If you have a little kid and are generally pretty nice to the employee in the game and your kid doesn’t win, most of us will generally be really nice and let them try again for free or give them some smaller plush for trying.
No, we cannot sell giant plush to you, stop asking.
Yes, we really do have cameras in all the games and they do work. Seriously, we cannot sell anything to you or give you something for free.
The 3-point challenge at any Cedar Fair park is completely winnable, I’ve seen it done.
Management (unless your in a ‘leadership’ position) will hate you, it’s just a fact you have to face.
It is actually ridiculously hard to fire bad employees, I have no idea why, but it took us three months to fire someone who was tardy literally every single day (by at least an hour) and sometimes never showed up for a shift.
Red means stop, red tags are jailbait. A red tag is any employee between 15 or 14 years old.

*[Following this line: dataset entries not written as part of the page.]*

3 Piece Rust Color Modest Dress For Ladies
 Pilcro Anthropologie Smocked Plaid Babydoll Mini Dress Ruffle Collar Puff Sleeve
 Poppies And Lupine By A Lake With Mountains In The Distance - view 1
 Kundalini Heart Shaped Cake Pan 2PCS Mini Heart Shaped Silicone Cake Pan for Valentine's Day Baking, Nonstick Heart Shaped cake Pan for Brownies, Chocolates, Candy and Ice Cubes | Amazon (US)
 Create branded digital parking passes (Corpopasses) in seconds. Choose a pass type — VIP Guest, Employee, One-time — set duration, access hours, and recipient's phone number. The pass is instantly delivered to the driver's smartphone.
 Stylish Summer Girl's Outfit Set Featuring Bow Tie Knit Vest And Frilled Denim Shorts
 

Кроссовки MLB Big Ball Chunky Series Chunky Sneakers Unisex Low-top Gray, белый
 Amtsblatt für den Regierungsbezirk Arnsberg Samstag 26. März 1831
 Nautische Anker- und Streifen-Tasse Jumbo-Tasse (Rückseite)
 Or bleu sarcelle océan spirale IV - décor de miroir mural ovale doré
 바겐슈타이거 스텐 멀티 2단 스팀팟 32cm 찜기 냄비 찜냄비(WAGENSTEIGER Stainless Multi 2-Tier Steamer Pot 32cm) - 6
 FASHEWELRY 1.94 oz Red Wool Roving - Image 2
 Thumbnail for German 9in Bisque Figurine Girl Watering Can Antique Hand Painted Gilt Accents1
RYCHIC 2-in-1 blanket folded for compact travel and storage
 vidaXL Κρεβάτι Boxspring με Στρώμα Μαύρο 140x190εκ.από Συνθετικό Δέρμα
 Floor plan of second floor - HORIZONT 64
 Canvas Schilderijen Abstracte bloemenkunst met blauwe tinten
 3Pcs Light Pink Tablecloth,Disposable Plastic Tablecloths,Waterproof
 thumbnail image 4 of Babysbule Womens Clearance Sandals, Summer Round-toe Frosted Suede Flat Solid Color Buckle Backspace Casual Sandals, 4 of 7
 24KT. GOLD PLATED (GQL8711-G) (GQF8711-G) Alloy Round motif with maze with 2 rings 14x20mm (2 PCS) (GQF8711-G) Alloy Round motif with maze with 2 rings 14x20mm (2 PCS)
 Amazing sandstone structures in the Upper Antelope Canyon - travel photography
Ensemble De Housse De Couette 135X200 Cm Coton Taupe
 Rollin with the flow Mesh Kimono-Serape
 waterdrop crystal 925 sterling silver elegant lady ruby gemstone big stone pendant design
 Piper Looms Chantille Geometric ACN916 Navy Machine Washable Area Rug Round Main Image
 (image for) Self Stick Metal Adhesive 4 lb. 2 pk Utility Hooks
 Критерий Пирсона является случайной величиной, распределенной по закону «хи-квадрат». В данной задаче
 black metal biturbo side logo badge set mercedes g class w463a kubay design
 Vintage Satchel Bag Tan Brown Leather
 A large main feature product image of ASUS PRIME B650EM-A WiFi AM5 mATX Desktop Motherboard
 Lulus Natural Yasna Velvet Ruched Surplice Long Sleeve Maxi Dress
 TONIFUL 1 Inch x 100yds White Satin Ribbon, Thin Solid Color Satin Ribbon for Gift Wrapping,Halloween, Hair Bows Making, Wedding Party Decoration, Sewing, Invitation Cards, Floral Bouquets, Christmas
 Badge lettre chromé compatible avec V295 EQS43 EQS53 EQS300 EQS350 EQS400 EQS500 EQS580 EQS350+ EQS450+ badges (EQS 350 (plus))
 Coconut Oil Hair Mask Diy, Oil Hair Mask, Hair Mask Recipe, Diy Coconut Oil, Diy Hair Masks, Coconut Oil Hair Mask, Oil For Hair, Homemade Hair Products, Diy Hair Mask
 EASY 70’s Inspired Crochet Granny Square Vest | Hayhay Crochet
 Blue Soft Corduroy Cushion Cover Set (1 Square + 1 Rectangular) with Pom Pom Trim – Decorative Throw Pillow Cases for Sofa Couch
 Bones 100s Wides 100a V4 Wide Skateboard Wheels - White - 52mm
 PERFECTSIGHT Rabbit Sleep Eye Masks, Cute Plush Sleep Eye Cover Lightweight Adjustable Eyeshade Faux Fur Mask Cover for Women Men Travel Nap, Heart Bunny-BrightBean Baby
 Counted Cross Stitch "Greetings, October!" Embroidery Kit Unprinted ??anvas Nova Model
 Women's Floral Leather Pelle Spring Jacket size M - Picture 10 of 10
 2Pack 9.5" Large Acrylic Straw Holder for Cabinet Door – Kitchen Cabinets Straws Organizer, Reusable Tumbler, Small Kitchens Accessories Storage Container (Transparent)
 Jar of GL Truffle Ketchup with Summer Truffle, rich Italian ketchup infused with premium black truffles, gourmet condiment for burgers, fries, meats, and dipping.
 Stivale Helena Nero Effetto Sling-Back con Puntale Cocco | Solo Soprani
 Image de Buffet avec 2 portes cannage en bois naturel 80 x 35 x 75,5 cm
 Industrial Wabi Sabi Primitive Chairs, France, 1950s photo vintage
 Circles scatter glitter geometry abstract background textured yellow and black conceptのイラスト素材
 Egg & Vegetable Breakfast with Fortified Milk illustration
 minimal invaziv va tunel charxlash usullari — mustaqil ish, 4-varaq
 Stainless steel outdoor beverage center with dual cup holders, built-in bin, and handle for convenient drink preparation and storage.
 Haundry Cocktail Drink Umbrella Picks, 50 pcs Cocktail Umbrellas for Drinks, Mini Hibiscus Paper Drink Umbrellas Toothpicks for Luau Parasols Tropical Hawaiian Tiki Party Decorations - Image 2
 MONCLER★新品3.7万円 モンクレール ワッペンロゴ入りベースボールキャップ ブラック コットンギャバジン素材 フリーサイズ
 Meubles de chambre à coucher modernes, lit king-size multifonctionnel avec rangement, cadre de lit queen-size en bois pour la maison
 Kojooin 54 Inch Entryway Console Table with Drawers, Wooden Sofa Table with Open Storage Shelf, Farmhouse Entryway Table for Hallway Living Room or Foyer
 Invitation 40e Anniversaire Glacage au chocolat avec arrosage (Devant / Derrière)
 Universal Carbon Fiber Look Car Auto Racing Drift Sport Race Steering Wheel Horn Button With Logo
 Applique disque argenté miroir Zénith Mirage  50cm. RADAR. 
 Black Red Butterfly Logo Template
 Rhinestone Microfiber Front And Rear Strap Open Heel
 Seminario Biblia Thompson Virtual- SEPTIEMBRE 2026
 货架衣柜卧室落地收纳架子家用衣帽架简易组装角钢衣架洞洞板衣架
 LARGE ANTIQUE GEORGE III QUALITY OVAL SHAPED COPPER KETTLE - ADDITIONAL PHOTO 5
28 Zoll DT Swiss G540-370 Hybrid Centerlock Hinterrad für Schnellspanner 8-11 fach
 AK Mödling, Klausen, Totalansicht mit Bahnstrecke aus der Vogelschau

Eat before you get there. The food is crap and where it’s made is even worse. You can also leave and come back and just pay for parking again, it’s way better than getting terrible, overpriced food.
The Prowler, Mamba, and Monsoon are the best rides in the park and the only ones that don’t break down at the drop of a dime.
If you have a friend that works at the park and is willing to do so, have them use your vehicle information for an additional employee parking pass (you get an extra for free). This plus a season pass equals extra savings.”